Dalam hadist yang diriwayatkan oleh Imam Ahmad dan Abu Dawud dari sahabat Anas bin Malik, beliau berkata:
Bahwasanya ada seorang sahabat yang sedang berada di sisi Nabi shāllallahu ‘alaihi wasallam, kemudian seseorang lewat di hadapan mereka. Lantas sahabat ini mengatakan: “Wahai Rasulullah, sesungguhnya aku benar-benar mencintai orang ini”. Maka Nabi shallallahu ‘alaihi wasallam pun berkata kepadanya: “Apakah engkau telah memberitahukan rasa cintamu kepadanya?” Ia berkata: “Belum.” Beliau berkata: “Jika demikian, pergilah dan beritahukan kepadanya”. Maka ia langsung menemui orang itu dan mengatakan “Inni uhibbuka fillah” (sesungguhnya aku mencintaimu karena Allah), lalu orang tersebut menjawab: “Ahabbakalladzi ahbabtani lahu” (Semoga Allah mencintaimu, Dzat yang telah menjadikanmu mencintai aku karena-Nya)*
Ukhti, inni uhibbuki fillah. Dulu saya berpikiran, kok alay banget sih nyampe bilang gitu ke temen. Mbok yo biasa aja. Tapi qodarullah, saya diberi kesempatan untuk merasakannya. Saya diberi kesempatan untuk memutarbalik mindset bahwa kalimat itu tidaklah berlebihan. Saya benar-benar merasakan bagaimana kecintaan saya terhadap seseorang bisa tumbuh karena kecintaannya pada Allah, karena kecintaannya pada Al Quran.

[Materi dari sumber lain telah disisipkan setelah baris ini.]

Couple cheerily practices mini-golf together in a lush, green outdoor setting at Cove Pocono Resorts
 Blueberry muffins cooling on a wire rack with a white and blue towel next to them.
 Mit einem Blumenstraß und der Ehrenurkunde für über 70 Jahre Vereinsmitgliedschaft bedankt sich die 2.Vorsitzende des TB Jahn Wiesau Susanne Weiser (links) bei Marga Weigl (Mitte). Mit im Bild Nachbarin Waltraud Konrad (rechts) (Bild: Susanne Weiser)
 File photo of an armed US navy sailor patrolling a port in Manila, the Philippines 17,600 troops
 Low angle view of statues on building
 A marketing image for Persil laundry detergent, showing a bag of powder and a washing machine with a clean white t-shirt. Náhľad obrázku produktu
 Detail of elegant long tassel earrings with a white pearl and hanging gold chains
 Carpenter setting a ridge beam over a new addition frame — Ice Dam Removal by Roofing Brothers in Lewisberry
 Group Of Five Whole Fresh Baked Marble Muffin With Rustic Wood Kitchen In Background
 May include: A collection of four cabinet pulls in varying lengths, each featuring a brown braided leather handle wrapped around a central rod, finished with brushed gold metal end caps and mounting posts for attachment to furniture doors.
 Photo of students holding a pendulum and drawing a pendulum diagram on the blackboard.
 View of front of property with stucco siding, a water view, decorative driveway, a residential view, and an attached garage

Sebuah pertemuan singkat, hanya 3-4 hari bersama di sebuah forum bersama Al-Qur'an. Kami belum pernah dipertemukan sebelumnya. Tidak perlu disebutkan namanya, seorang yang pada akhir acara sebenarnya ingin saya salami sembari mengucapkan "inni uhibbuki fillah" tetapi tidak jadi saya laksanakan karena tidak pede seorang seperti saya yang jauh kalah sholihat dengan hafalan terbatas ini mengucapkannya. Padahal saya tahu Rasulullah shallallahu ‘alaihi wasallam bersabda agar kita menyampaikan rasa cinta kita pada saudara kita. Tapi ternyata melakukannya tidaklah mudah.

Maka saya hanya ingin menyampaikan apa yang beliau sampaikan ke orang-orang di sekitar saya agar apa yang telah beliau sampaikan tidak hanya berhenti pada saya, tapi terus menerus mengalir ke orang lain. Agar kata-kata yang tidak bisa saya sampaikan itu bisa terwujud dan mengalir kebaikannya dalam bentuk lain. Bukan dalam bentuk kata-kata yang disampaikan langsung, tetapi semoga bisa menjadi kebaikan jariyah untuk beliau atas ilmu bermanfaat yang telah beliau berikan yang coba saya sampaikan lewat tulisan ini.

Awalnya saya agak kaget ketika melihat kakak itu karena mirip dengan seseorang yang saya tahu (bukan kenal) dan sebenarnya ingin saya kenal, hanya saja belum diberi kesempatan bertemu hingga saat ini. Qodarullah saya dipertemukan dengan orang yang wajahnya mirip dengannya.
Penampilan beliau sederhana. Tetapi, saya merasakan bahwa ilmu yang beliau punya tidak sesederhana penampilannya. Apa-apa yang beliau katakan ada manfaatnya. Apa-apa yang beliau katakan adalah nasihat. Apa-apa yang beliau katakan bisa sampai ke hati walaupun beliau menyampaikan apa yang sudah biasa disampaikan.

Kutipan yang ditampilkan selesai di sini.